Bagian Kedua Perikanan Budidaya
Paragraf 1
Umum
Pasal 72
(1) Perusahaan di bidang pembudidayaan ikan dapat dikenakan sanksi administrasi
apabila melakukan pelanggaran berupa :
a. tidak melaksanakan ketentuan yang tercantum dalam SIUP-B;
-44-
b. melakukan perluasan usaha tanpa persetujuan tertulis dari pemberi izin;
c. tidak menyampaikan laporan kegiatan usaha 3 (tiga) kali berturut-turut atau
dengan sengaja menyampaikan laporan yang tidak benar;
d. memindahtangankan SIUP-B tanpa persetujuan tertulis dari Gubernur;
e. selama 1 (satu) tahun sejak SIUP-B diberikan tidak melaksanakan kegiatan
usahanya;
f. tidak melaksanakan ketentuan yang tercantum dalam SIKPI-B;
g. menggunakan kapal pengangkut ikan di luar kegiatan pengangkutan sarana
produksi pembudidayaan ikan dan/atau ikan hasil pembudidayaan;
h. selama 1 (satu) tahun sejak SIKPI-B diberikan tidak melaksanakan kegiatan
pengangkutan ikan;
i. membawa ikan dari daerah pembudidayaan ikan langsung ke luar negeri tanpa
melalui pelabuhan lapor yang ditetapkan;
j . dinyatakan bersalah berdasarkan putusan Pengadilan yang telah mempunyai
kekuatan hukum tetap di bidang perikanan;
k. merugikan dan/atau membahayakan sumber daya ikan, lingkungan sumber
daya ikan dan/atau kesehatan manusia; dan
I. menggunakan dokumen palsu
(2) Sanksi administratif di bidang perikanan budidaya berupa:
a. peringatan/teguran tertulis;
b. pembekuan SIUP-B dan/atau SIKPI-B; atau
c. pencabutan SIUP-B dan/atau SIKPI-B.
(3) Pengenaan sanksi administratif sebagaimana dimaksud pada ayat (2), dilakukan
dengan tahapan:
a. Gubernur memberikan peringatan/teguran tertulis paling banyak 3 (tiga) kali
berturut-turut, masing-masing dalam tenggang waktu 1 (satu) bulan;
b. dalam hal peringatan tertulis sebagaimana dimaksud pada huruf a, tidak
diindahkan selanjutnya dilakukan pembekuan SIUP-B dan/atau SIKPI-B paling
lama 1 (satu) bulan;
c. apabila pembekuan sebagaimana dimaksud pada huruf b, tidak diindahkan
selanjutnya dilakukan pencabutan SIUP-B dan/atau SIKPI-B.

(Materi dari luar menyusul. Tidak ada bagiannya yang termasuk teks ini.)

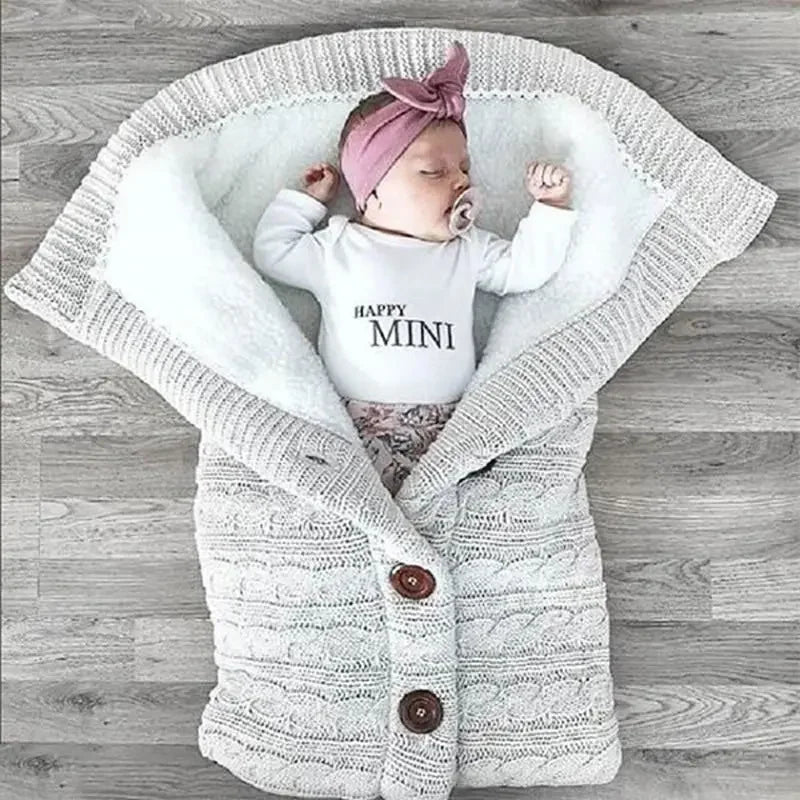 Un bébé paisiblement endormi, confortablement enveloppé dans une Couverture de Poussette Pour Bébé BABY PREMA avec un slogan fantaisiste "happy mini", et enfilant un joli bandeau à nœud rose après avoir profité d'un bain apaisant.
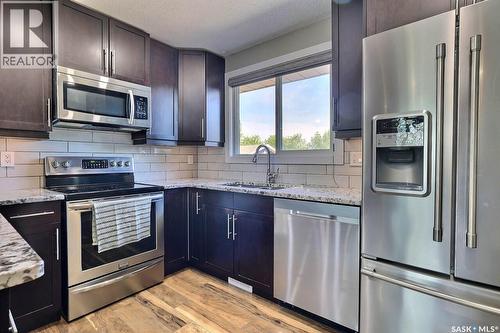 6918 1St Avenue N, Regina, SK - Indoor Photo Showing Kitchen With Stainless Steel Kitchen With Upgraded Kitchen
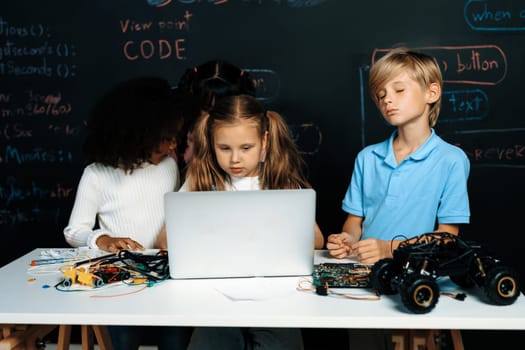Smart girl in white bib learning about coding robotics technology using laptop in the STEM class. Schoolboy in blue shirt try to educate motherboard while smart schoolgirls reading code. Erudition.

Paragraf 2 Pencabutan SIUP-B dan/atau SIKPI-B atau Pembekuan Usaha
Pasal 73
(1) SIUP-B dapat dicabut langsung oleh Gubernur tanpa melewati tahapan
peringatan dan pembekuan apabila orang yang melakukan usaha di bidang
pembudidayaan ikan:^
-45-
a. dinyatakan bersalah berdasarkan putusan Pengadilan yang telah mempunyai
kekuatan hukum tetap di bidang perikanan; atau
b. merugikan dan/atau membahayakan sumber daya ikan, lingkungan sumber
daya ikan dan/atau kesehatan manusia.
(2) Suatu Usaha di bidang pembudidayaan ikan dapat dibekukan oleh Gubernur
apabila orang yang melakukan usaha di bidang pembudidayaan ikan menggunakan
dokumen palsu.
(3) SIKPI-B dapat dicabut langsung oleh Gubernur tanpa melewati tahapan
peringatan dan pembekuan apabila perusahaan pengelola kapal pengangkut ikan
dinyatakan bersalah berdasarkan putusan Pengadilan yang telah mempunyai
kekuatan hukum tetap di bidang perikanan.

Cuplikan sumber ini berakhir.